The church has
been repaired (that was done first, "because it is God's house") with
warm-coloured pink walls and neat decoration; and plans for the
restoring of the whole village are being carried out, while the waiting
inhabitants camp in a village of toy-like bungalows given by the French
Government. I never saw such looks of worshipping love cast upon human
beings as those of the people of Vitrimont for these two American girls.
I'm sure they believe that Miss Crocker and Miss Polk are saints
incarnated for their sakes by "_la Sainte Vierge_." One old man said as
much!
He was so old that it seemed as if he could never have been young, yet
he was whistling a toothless but patriotic whistle, over some bit of
amateur-carpenter work, in front of a one-room bungalow.
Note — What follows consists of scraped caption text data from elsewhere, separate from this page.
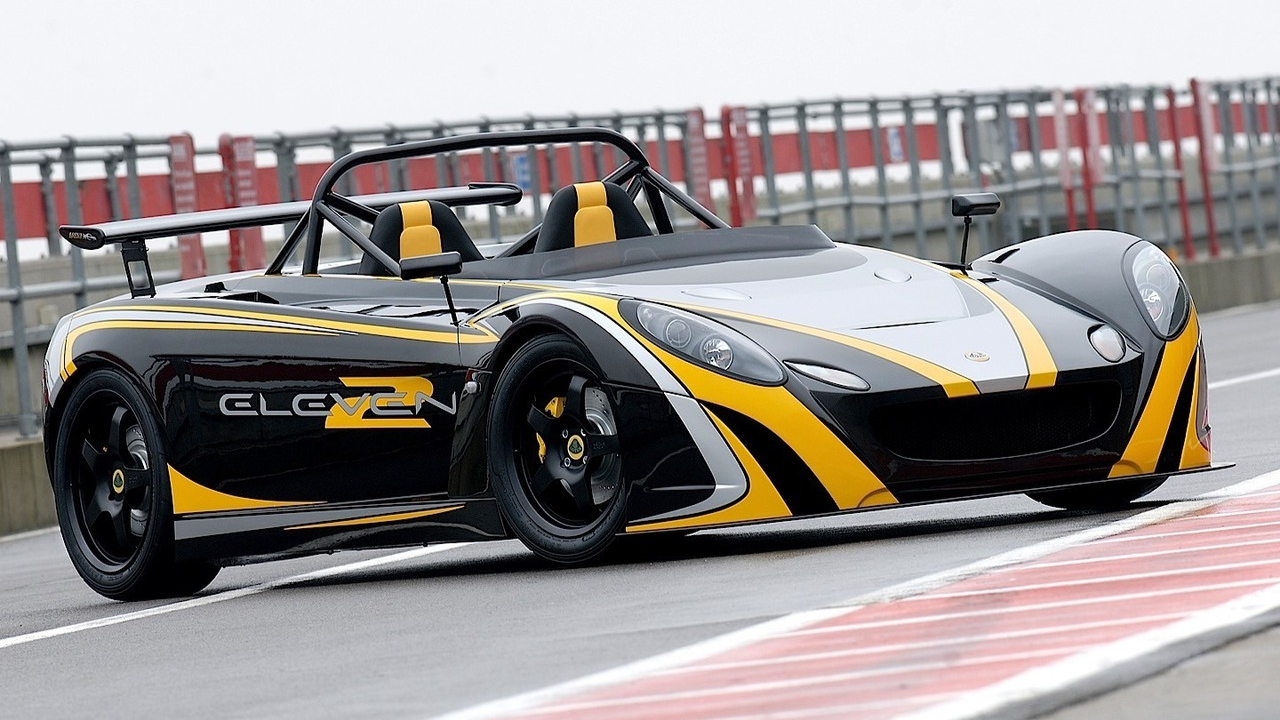 Black and yellow Lotus 2-eleven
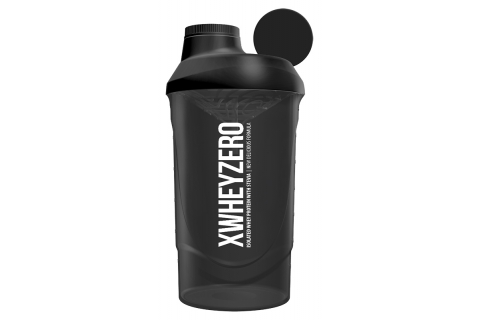 Shaker XWheyZero Black Smoke, 600ml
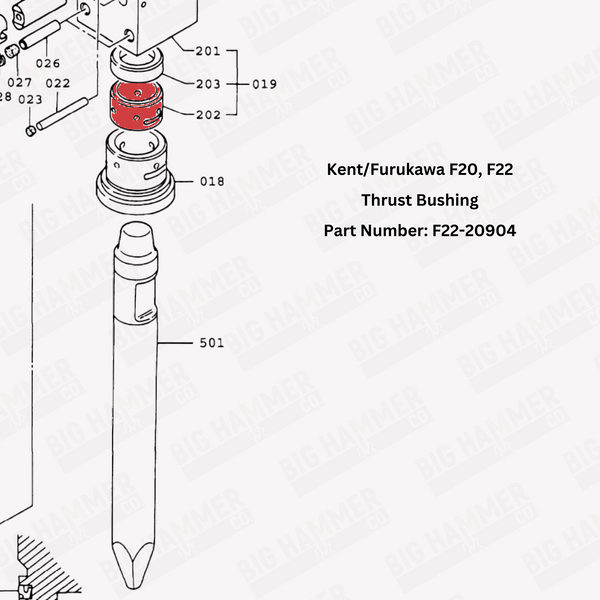 Kent/Furukawa F20, F22, KF22 Thrust Bushing (Upper Bushing)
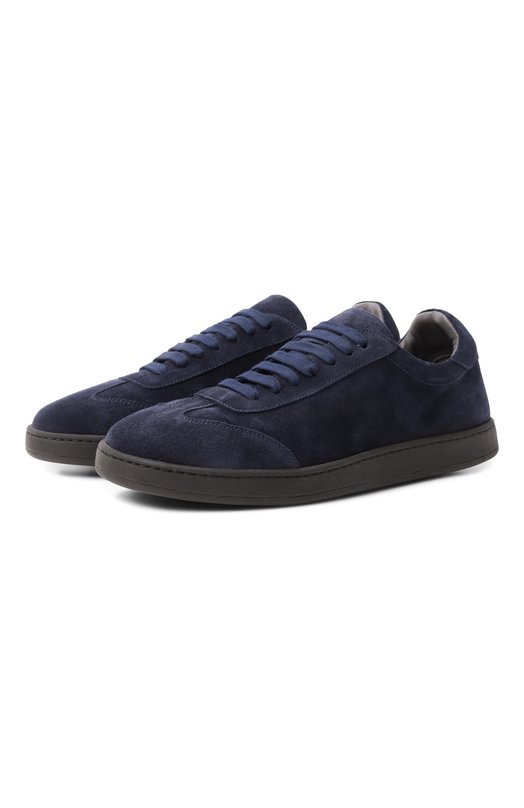 Замшевые кеды Corneliani 26TM59-2620932 Синий 26TM59-2620932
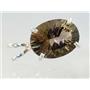 925 Sterling Silver Pendant, Smoky Quartz, SP004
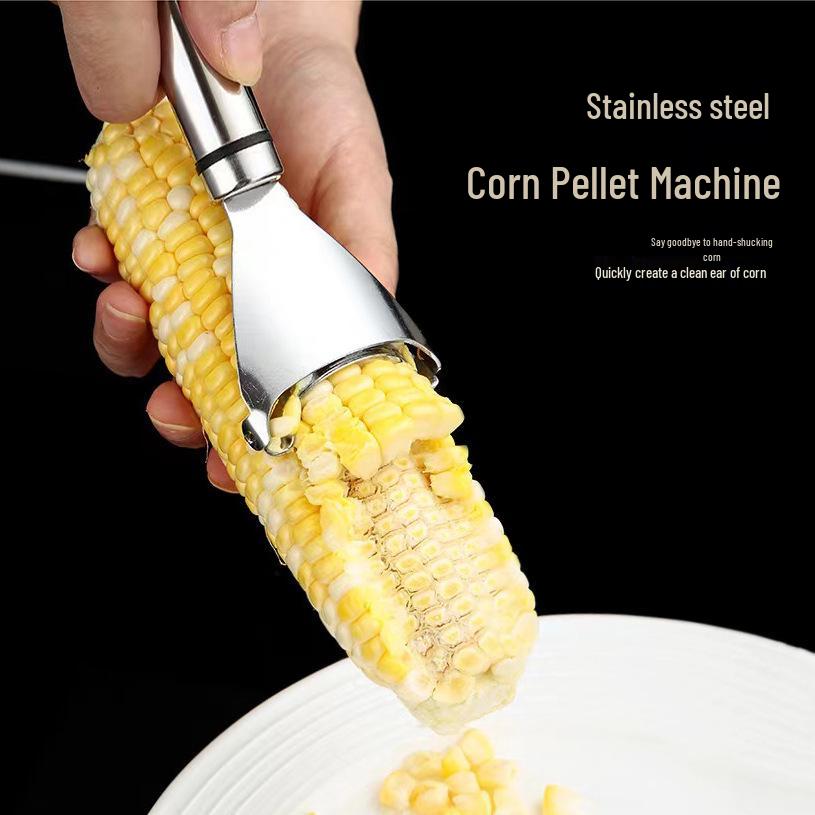 Clearance Stainless Steel Corn Peeler: Efficient Kernel Separator and Quick Threshing Tool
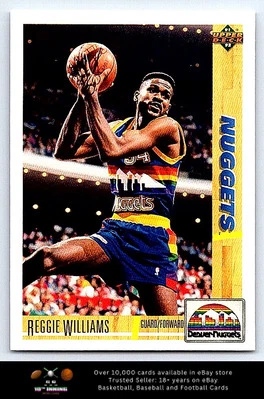 1991-92 Upper Deck BASKETBALL #206 Reggie Williams - Image 1 of 2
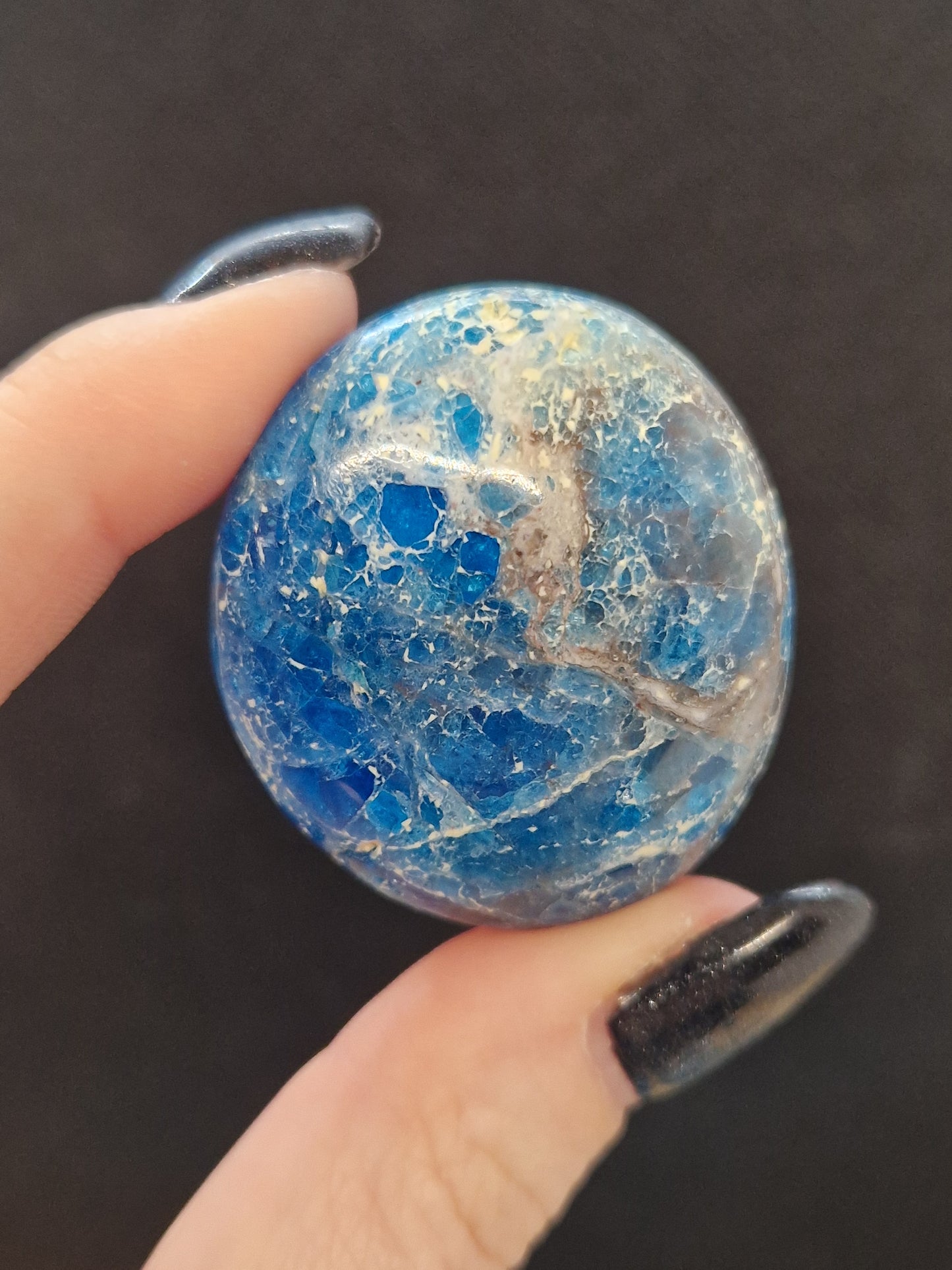 Galets Apatite bleue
Inside, visible
through the open door, was the paralyzed wife he had lately wheeled
"home" to Vitrimont, in some kind of a cart. "Oh, yes, we are happy!" he
stopped whistling to say. "We are fortunate, too. We think we have found
the place where our _street_ used to be, and these Angels--we do not
call them Demoiselles, but Angels--from America are going to build us a
new home in it. We have seen the plan. It is more beautiful than the
old!"
Wherever we passed a house on the road to Luneville, and in town itself,
as we came in, we saw notices--printed and written--to remind us that we
were in the war-zone, if we forgot for an instant. "_Logement
militaire_," or "_Cave voutee, 200 places--400 places_.